Belarus2022

a) The largest odd and even numbers are positive integers, since there are numbers of both parities. This means that the largest even number is not less than two, the largest even number is not less than one, and the total number of numbers is not less than three. Note that $n=3$ is possible if given numbers are $-1$, $1$ and $2$.

b) Let $2a+1$ be the largest odd number and $2b$ be the largest even number. The number $2a+1$ of even numbers does not exceed $b+5$ since they are all at most $2b$ and at least $-8$. At the same time the number $2b$ of odd numbers does not exceed $a+6$ since they are all no more than $2a+1$ and no less than $-9$. Whence $$\{\begin{array}{l}2a+1\le b+5,\\ 2b\le a+6.\end{array}(1)$$ Summing up these equalities we get that $a+b\le 10$. Let us estimate the largest possible value of the number $n$ depending on the sum $a+b$. If $a+b=10$ then the first inequality of system (1) is equivalent to the inequality $3a\le 14$, so the left side is less than the right one by at least $2$, the second inequality of system (1) is equivalent to $3b\le 16$ and in it the left side is less than the right side by at least one. So the total number of numbers does not exceed $(b+5-2)+(a+6-1)=18$.

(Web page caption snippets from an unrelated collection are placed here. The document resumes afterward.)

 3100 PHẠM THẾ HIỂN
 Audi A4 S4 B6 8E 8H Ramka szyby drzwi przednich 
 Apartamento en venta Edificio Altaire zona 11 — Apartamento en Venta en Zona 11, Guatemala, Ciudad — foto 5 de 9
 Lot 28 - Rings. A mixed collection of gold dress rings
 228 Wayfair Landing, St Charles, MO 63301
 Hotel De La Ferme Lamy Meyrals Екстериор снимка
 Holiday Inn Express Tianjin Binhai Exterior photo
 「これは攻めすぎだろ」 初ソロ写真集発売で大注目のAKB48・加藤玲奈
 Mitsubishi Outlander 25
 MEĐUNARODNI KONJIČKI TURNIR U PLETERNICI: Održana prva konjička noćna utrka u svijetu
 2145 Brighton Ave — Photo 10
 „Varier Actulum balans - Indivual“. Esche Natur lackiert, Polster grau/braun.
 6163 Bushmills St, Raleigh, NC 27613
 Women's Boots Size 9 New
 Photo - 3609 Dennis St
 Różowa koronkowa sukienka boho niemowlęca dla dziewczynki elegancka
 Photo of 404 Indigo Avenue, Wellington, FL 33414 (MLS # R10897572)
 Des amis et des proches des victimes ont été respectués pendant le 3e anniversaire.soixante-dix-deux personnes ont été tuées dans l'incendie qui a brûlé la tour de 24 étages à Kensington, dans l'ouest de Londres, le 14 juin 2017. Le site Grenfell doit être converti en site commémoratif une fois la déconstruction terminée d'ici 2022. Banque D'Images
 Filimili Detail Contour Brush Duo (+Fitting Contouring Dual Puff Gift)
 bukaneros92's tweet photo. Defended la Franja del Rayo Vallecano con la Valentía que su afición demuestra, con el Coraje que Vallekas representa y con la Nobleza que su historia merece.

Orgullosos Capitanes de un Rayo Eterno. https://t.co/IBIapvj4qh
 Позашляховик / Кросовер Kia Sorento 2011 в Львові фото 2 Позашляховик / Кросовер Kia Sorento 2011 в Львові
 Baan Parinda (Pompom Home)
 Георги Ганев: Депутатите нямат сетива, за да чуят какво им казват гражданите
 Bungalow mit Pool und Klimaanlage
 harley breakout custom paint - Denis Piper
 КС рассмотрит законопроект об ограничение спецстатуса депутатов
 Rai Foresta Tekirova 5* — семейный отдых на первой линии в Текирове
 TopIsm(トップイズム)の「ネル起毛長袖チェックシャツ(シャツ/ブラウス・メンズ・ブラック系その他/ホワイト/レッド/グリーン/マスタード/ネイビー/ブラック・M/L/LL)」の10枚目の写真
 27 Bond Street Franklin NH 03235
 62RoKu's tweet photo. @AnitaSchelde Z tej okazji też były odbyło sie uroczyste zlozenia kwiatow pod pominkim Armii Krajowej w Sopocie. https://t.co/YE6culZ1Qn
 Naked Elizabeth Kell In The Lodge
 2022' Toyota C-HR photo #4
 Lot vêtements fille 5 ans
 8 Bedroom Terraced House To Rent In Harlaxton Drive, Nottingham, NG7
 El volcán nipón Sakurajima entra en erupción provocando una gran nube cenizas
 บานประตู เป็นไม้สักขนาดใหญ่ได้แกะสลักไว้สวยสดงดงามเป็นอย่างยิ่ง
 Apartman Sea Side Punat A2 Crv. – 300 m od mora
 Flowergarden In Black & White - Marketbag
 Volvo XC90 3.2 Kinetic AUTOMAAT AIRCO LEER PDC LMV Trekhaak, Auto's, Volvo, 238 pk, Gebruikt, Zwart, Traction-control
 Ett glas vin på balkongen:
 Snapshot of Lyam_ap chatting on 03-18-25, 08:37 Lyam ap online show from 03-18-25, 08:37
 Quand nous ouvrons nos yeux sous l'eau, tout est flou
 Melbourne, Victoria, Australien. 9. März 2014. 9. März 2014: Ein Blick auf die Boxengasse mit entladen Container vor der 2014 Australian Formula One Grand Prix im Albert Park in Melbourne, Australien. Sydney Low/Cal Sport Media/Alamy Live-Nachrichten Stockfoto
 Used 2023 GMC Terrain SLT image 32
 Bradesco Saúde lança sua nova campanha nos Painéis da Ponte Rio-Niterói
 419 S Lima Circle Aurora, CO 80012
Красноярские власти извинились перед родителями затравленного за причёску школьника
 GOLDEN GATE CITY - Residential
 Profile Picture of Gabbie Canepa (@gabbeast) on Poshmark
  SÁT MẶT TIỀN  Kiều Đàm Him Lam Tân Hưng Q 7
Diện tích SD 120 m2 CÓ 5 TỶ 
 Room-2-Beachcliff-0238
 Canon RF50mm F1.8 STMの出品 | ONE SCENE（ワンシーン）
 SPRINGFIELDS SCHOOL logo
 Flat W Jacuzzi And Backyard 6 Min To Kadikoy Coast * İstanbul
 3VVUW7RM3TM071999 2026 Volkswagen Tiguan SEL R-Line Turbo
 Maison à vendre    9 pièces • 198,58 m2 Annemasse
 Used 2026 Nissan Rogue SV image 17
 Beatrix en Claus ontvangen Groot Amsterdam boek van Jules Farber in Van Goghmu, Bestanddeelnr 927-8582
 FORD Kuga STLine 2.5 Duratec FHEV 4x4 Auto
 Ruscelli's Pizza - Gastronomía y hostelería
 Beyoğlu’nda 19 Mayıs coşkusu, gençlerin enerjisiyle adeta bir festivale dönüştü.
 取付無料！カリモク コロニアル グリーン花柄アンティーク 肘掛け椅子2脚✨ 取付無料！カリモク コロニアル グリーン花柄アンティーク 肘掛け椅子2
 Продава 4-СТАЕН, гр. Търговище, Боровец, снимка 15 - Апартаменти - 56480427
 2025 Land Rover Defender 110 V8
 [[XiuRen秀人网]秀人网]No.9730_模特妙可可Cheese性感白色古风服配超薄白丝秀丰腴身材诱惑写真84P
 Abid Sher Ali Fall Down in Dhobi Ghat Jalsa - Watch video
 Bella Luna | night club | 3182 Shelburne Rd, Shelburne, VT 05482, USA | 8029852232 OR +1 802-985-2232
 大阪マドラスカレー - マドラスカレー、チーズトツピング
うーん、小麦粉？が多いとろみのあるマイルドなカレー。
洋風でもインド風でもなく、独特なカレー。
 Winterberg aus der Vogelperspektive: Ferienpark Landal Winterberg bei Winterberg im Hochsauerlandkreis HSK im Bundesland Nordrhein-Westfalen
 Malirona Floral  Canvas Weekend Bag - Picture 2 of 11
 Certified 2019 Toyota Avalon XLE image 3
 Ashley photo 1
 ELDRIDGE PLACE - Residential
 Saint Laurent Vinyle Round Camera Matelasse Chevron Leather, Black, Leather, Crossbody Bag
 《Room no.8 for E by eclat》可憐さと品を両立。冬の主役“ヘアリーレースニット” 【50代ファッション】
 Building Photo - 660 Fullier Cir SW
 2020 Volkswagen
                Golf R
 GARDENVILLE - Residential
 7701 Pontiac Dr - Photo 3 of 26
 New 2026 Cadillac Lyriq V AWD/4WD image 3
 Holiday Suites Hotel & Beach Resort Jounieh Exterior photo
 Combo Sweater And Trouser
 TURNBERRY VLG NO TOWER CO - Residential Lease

If $a+b=9$, then the first inequality in system (1) is equivalent to the inequality $3a\le 13$, so the left side is less than the right one by at least $1$. So the total number of numbers does not exceed $(b+5-1)+(a+6)=19$. Note that $n=19$ in this case is possible with $a=4$ and $b=5$ if given all odd numbers from $-9$ to $9$ and all even numbers from $-6$ to $10$.

If $a+b\le 8$ then $n$ doesn't exceed $(b+5)+(a+6)\le 19$. Thus, in all cases $n\le 19$ and the equality is attainable.